WHAT YOU ARE ASKED TO DO ::
The listing below must be reproduced in full, exactly as written.

THE DATA ::
--

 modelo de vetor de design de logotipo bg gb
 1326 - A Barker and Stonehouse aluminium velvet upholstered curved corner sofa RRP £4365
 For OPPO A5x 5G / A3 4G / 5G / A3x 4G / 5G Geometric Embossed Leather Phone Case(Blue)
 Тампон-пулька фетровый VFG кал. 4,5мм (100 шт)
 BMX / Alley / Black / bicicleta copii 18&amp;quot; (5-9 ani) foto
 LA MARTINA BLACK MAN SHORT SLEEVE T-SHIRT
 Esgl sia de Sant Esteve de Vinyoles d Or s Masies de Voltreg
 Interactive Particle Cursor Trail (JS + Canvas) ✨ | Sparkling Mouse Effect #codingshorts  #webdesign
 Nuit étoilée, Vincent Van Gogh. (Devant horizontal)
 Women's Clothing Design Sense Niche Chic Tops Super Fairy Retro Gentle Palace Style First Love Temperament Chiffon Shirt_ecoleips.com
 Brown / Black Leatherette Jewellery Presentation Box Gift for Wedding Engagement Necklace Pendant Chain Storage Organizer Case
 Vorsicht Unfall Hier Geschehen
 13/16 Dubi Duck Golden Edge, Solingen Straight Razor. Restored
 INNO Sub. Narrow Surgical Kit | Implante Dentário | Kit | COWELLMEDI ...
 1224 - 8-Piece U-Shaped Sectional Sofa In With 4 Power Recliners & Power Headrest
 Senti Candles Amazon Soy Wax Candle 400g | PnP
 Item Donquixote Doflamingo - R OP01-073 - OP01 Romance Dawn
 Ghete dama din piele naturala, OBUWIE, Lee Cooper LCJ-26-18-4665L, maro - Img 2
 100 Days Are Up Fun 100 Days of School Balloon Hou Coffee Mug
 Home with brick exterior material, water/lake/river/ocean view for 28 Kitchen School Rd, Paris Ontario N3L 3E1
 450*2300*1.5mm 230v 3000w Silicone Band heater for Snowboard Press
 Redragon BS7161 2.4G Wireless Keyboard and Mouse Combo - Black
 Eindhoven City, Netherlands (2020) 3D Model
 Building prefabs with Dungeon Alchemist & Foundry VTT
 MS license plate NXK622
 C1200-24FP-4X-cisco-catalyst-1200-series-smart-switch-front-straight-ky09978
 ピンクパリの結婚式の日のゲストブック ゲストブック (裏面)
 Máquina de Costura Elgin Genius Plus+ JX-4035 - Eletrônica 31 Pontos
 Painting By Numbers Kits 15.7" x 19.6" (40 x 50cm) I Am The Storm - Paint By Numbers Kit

--

COMPLETED TASK ::
 modelo de vetor de design de logotipo bg gb
 1326 - A Barker and Stonehouse aluminium velvet upholstered curved corner sofa RRP £4365
 For OPPO A5x 5G / A3 4G / 5G / A3x 4G / 5G Geometric Embossed Leather Phone Case(Blue)
 Тампон-пулька фетровый VFG кал. 4,5мм (100 шт)
 BMX / Alley / Black / bicicleta copii 18&amp;quot; (5-9 ani) foto
 LA MARTINA BLACK MAN SHORT SLEEVE T-SHIRT
 Esgl sia de Sant Esteve de Vinyoles d Or s Masies de Voltreg
 Interactive Particle Cursor Trail (JS + Canvas) ✨ | Sparkling Mouse Effect #codingshorts  #webdesign
 Nuit étoilée, Vincent Van Gogh. (Devant horizontal)
 Women's Clothing Design Sense Niche Chic Tops Super Fairy Retro Gentle Palace Style First Love Temperament Chiffon Shirt_ecoleips.com
 Brown / Black Leatherette Jewellery Presentation Box Gift for Wedding Engagement Necklace Pendant Chain Storage Organizer Case
 Vorsicht Unfall Hier Geschehen
 13/16 Dubi Duck Golden Edge, Solingen Straight Razor. Restored
 INNO Sub. Narrow Surgical Kit | Implante Dentário | Kit | COWELLMEDI ...
 1224 - 8-Piece U-Shaped Sectional Sofa In With 4 Power Recliners & Power Headrest
 Senti Candles Amazon Soy Wax Candle 400g | PnP
 Item Donquixote Doflamingo - R OP01-073 - OP01 Romance Dawn
 Ghete dama din piele naturala, OBUWIE, Lee Cooper LCJ-26-18-4665L, maro - Img 2
 100 Days Are Up Fun 100 Days of School Balloon Hou Coffee Mug
 Home with brick exterior material, water/lake/river/ocean view for 28 Kitchen School Rd, Paris Ontario N3L 3E1
 450*2300*1.5mm 230v 3000w Silicone Band heater for Snowboard Press
 Redragon BS7161 2.4G Wireless Keyboard and Mouse Combo - Black
 Eindhoven City, Netherlands (2020) 3D Model
 Building prefabs with Dungeon Alchemist & Foundry VTT
 MS license plate NXK622
 C1200-24FP-4X-cisco-catalyst-1200-series-smart-switch-front-straight-ky09978
 ピンクパリの結婚式の日のゲストブック ゲストブック (裏面)
 Máquina de Costura Elgin Genius Plus+ JX-4035 - Eletrônica 31 Pontos
 Painting By Numbers Kits 15.7" x 19.6" (40 x 50cm) I Am The Storm - Paint By Numbers Kit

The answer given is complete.